-- Task requirements --
Every line below must be reproduced exactly; no pictures are to be included.

-- Provided data --
- - -

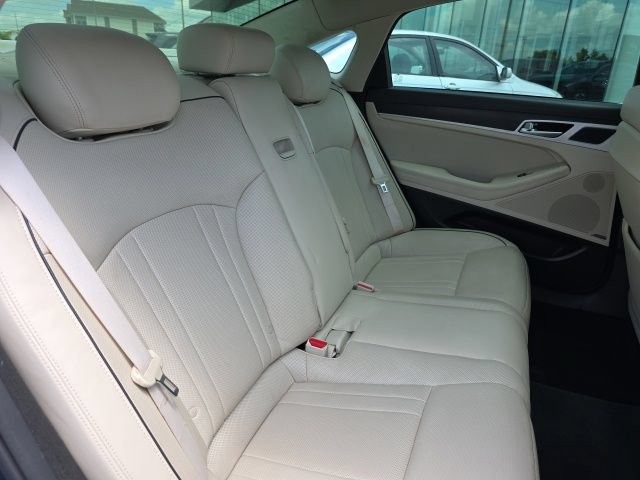 Used 2017 Genesis G80 5.0 Ultimate RWD image 9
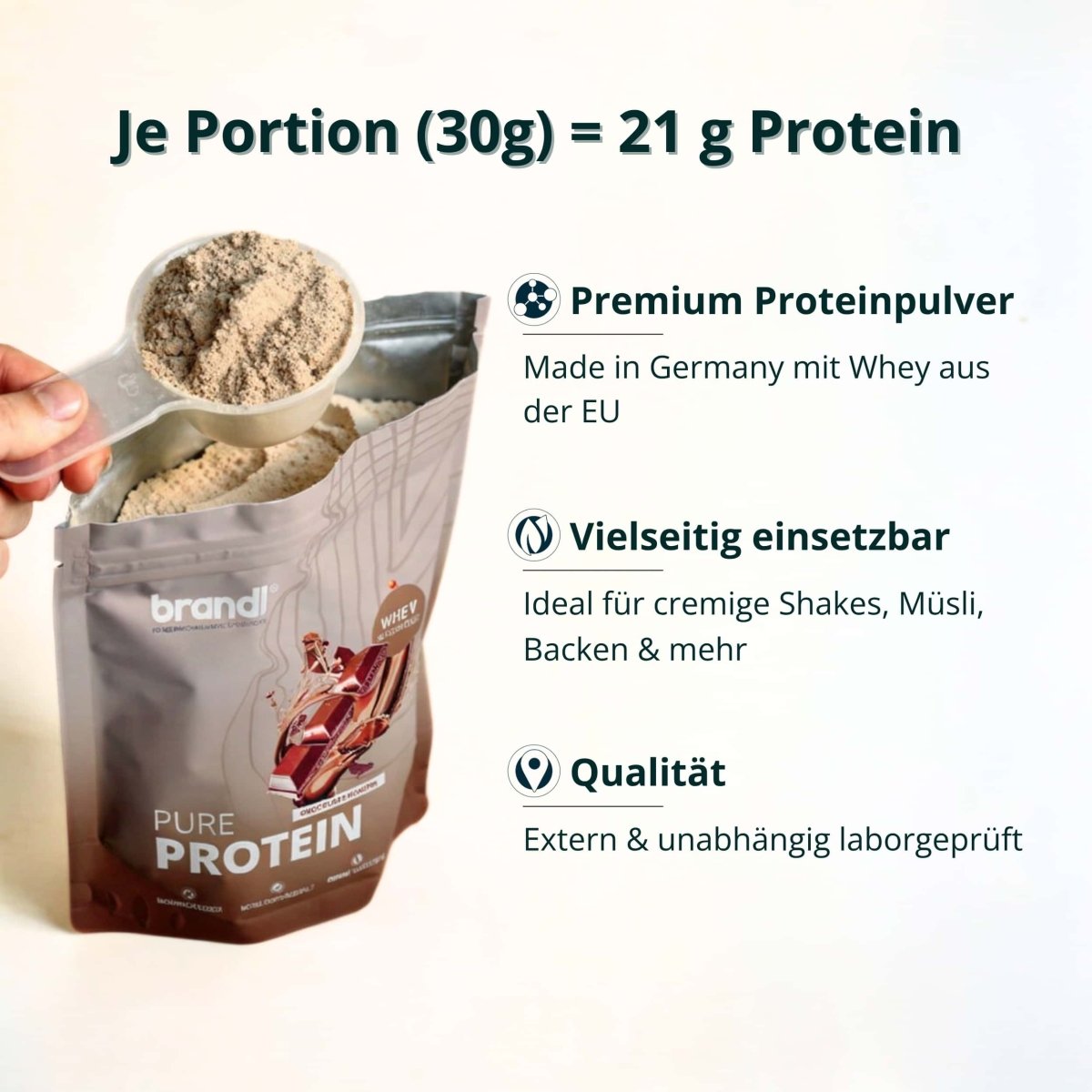 Eine hand hält eine klare plastikschaufel mit beigem proteinpulver über einem offenen beutel von brandl pure protein muskelaufbau bundle xl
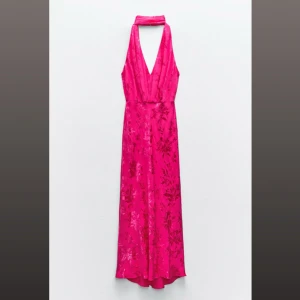 Rosa långklänning - Viral rosa klänning från Zara som såldes slut direkt! Den har en så fin scarf som hänger runt halsen och bak på ryggen. Jag har använt klänningen en kväll på ett bröllop🌸 Skriv för fler bilder eller frågor!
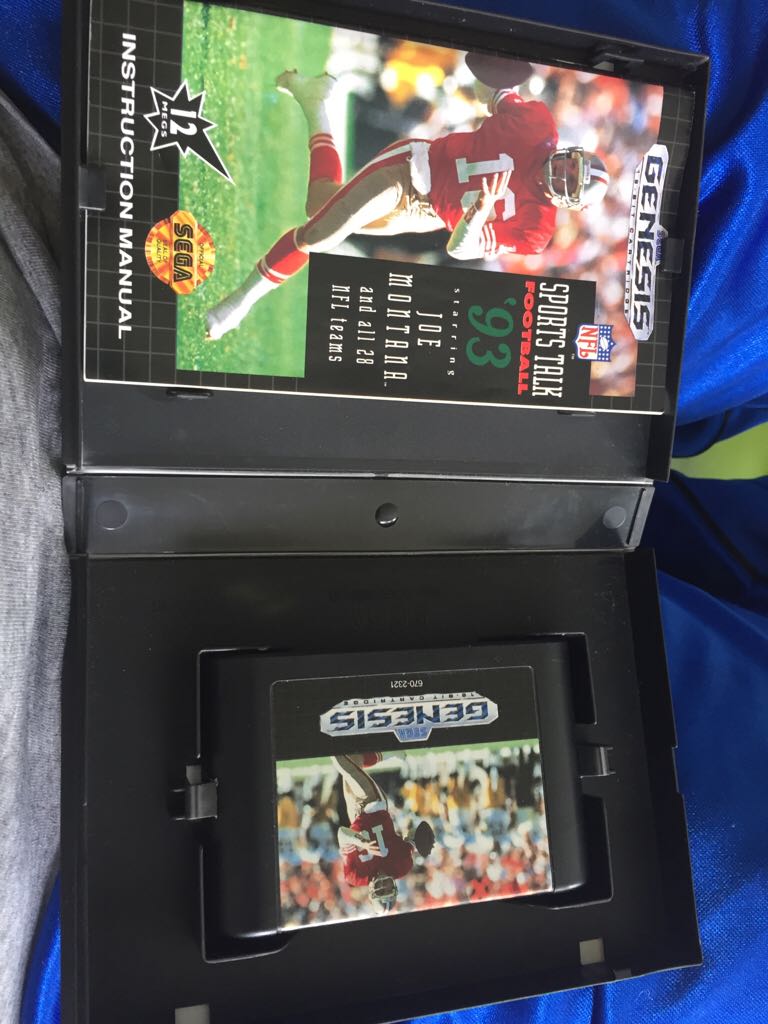 Sports Talk Football 93: Starring Joe Montana - Sega Genesis (Mega Drive) (Sega) video game collectible - Main Image 2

- - -

-- Answer section --
 Used 2017 Genesis G80 5.0 Ultimate RWD image 9
 Eine hand hält eine klare plastikschaufel mit beigem proteinpulver über einem offenen beutel von brandl pure protein muskelaufbau bundle xl
 Rosa långklänning - Viral rosa klänning från Zara som såldes slut direkt! Den har en så fin scarf som hänger runt halsen och bak på ryggen. Jag har använt klänningen en kväll på ett bröllop🌸 Skriv för fler bilder eller frågor!
 Sports Talk Football 93: Starring Joe Montana - Sega Genesis (Mega Drive) (Sega) video game collectible - Main Image 2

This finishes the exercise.